A boost gauge is a pressure gauge that indicates manifold air pressure or turbocharger or supercharger boost pressure in an internal combustion engine. They are commonly mounted on the dashboard, on the driver's side pillar, or in a radio slot.

Turbochargers and superchargers are both engine-driven air compressors (exhaust-driven or mechanically driven, respectively) and provide varying levels of boost according to engine rpm, load etc. Quite often there is a power band within a given range of available boost pressure and it is an aid to performance driving to be aware of when that power band is being approached, in the same way a driver wants to be aware of engine rpm.

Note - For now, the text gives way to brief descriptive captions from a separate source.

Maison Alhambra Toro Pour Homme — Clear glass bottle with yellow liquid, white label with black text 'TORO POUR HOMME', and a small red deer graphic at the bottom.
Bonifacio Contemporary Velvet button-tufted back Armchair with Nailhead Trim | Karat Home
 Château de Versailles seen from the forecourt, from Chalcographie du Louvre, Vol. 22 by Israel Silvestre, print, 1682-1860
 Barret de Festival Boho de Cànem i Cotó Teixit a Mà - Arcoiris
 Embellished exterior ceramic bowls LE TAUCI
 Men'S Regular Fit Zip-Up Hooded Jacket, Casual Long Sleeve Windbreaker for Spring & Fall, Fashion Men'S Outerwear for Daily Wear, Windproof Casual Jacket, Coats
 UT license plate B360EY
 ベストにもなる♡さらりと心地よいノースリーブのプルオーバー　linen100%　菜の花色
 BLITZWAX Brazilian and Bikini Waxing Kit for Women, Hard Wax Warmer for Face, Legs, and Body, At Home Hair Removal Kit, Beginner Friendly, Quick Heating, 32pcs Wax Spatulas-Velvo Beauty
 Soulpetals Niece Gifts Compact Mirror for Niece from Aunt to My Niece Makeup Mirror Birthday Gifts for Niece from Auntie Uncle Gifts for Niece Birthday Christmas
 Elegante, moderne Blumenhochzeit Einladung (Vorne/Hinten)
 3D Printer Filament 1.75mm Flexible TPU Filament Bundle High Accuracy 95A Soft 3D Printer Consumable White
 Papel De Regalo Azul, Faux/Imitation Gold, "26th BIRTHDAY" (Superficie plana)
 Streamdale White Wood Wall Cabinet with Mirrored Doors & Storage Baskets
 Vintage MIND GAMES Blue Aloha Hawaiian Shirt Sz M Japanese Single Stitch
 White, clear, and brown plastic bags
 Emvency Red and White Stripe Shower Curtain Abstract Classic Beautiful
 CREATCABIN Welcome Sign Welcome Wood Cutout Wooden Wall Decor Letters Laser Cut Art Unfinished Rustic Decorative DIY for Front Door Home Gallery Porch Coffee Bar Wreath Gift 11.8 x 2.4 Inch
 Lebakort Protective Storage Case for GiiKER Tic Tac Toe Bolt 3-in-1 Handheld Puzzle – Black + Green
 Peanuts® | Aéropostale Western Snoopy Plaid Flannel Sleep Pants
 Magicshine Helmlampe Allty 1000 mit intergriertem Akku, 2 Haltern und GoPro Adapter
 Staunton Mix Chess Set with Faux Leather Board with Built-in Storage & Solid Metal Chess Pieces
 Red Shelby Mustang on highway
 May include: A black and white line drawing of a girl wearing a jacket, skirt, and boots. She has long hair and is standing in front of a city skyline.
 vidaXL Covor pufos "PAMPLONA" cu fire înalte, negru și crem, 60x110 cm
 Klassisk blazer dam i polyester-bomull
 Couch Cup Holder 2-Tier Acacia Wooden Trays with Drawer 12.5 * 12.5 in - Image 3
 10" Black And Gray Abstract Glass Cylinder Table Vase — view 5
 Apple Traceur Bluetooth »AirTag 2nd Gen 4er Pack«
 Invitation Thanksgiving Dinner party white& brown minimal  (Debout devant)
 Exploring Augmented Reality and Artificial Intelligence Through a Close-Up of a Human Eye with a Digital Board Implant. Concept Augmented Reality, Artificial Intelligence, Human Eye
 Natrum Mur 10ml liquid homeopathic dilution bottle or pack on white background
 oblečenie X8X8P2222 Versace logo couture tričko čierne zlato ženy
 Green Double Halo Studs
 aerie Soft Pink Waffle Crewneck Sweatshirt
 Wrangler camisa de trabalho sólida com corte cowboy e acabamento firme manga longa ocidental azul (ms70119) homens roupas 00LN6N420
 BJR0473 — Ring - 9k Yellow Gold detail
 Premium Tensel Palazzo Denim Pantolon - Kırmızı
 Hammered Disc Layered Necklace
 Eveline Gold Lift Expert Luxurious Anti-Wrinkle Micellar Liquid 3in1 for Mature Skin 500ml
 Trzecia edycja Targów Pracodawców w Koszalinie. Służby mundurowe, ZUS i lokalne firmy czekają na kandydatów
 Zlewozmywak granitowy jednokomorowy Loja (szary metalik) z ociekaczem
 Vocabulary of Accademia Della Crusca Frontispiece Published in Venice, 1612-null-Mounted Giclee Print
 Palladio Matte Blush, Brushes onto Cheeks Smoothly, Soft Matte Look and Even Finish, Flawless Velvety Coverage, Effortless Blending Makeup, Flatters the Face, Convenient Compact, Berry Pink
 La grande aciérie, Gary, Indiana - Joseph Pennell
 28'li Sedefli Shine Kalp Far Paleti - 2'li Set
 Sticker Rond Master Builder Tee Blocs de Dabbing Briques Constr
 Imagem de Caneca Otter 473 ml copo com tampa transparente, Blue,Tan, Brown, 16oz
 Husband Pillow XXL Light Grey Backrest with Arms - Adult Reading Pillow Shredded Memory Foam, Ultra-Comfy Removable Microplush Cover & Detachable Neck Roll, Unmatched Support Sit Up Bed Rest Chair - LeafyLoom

A boost gauge is used to ensure excessive pressure is not being generated when boost pressure is being modified to levels higher than OEM standard on a production turbocharged car. Simple methods can be employed to increase factory boost levels, such as bleeding air off the wastegate diaphragm to 'fool' it into staying closed longer, or installing a boost controller. To prevent the Air-fuel ratio from going lean (caused by increasing the boost beyond the fuel systems capacity) care must be taken to monitor boost pressure levels, along with oxygen levels in the exhaust gas, using an air-fuel ratio meter that monitors the oxygen sensor.

A boost gauge will measure pressure in psi, bar or kPa; many also measure manifold vacuum pressure in inches of mercury (in. Hg) or mm of mercury (mm Hg).